## Task item
When you reach a picture, pass over it; otherwise repeat the listing word for word.

## Collected material
++++

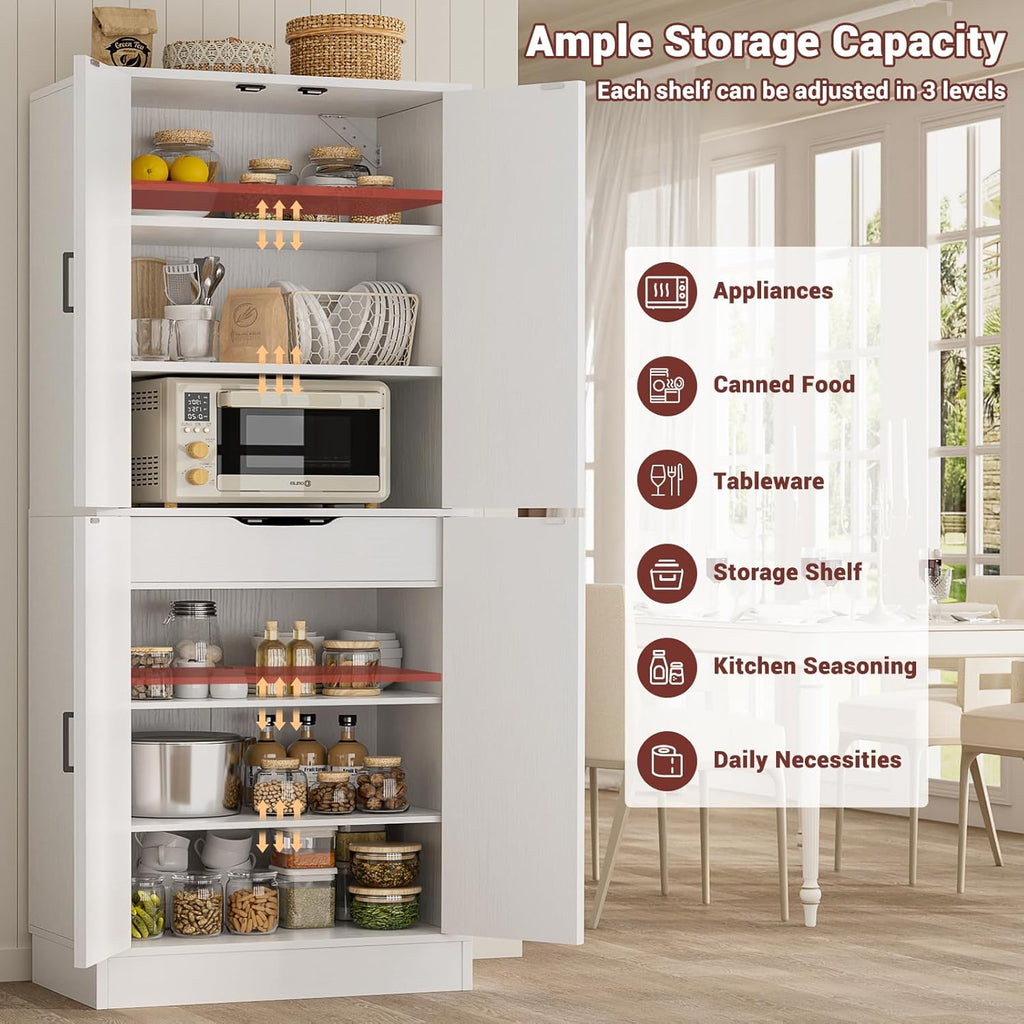 71" Tall Kitchen Pantry Storage Cabinet with Farmhouse Barn Doors and Storage Drawer, 4 Adjustable Shelves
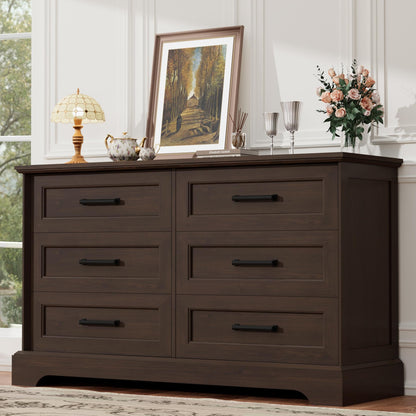 YESHOMY Dresser for Bedroom, Farmhouse 6 Drawers Dressers, White and Black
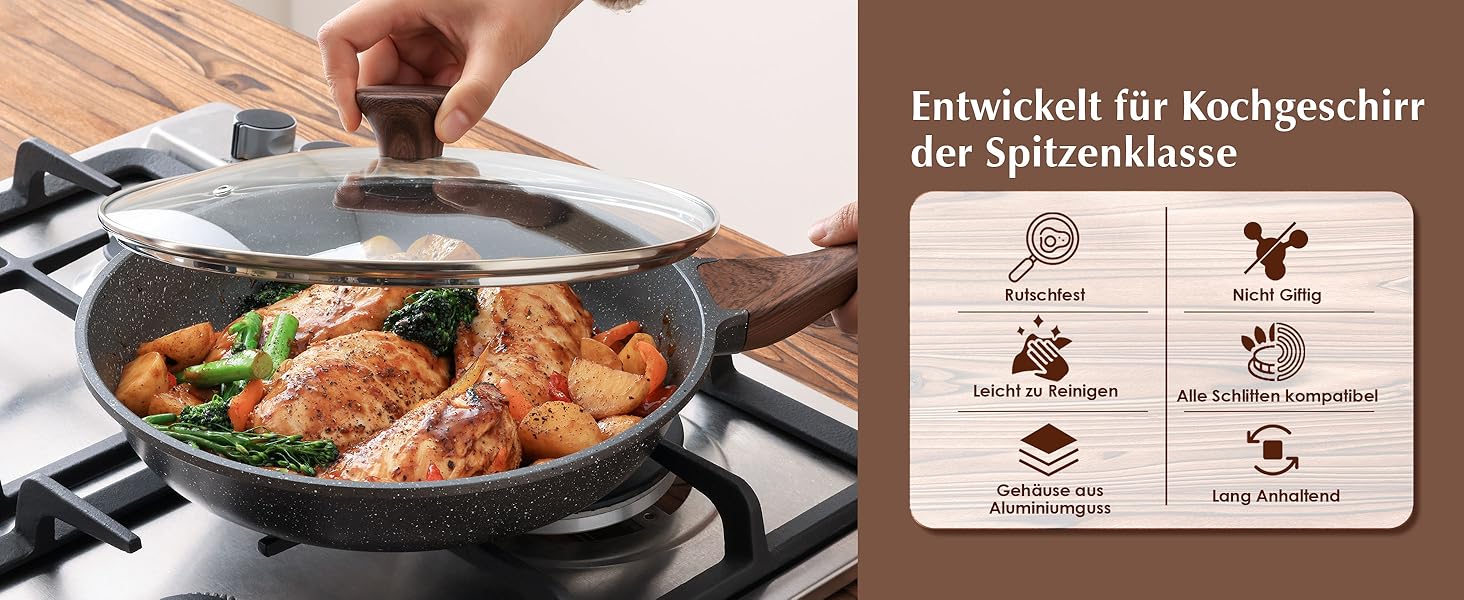 Сковорода SENSARTE з антипригарним покриттям, 24 см, з гранітною керамікою, для плити та індукції, без PFOA/PTFE/PFAS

++++

## Solution to this problem
 71" Tall Kitchen Pantry Storage Cabinet with Farmhouse Barn Doors and Storage Drawer, 4 Adjustable Shelves
 YESHOMY Dresser for Bedroom, Farmhouse 6 Drawers Dressers, White and Black
 Сковорода SENSARTE з антипригарним покриттям, 24 см, з гранітною керамікою, для плити та індукції, без PFOA/PTFE/PFAS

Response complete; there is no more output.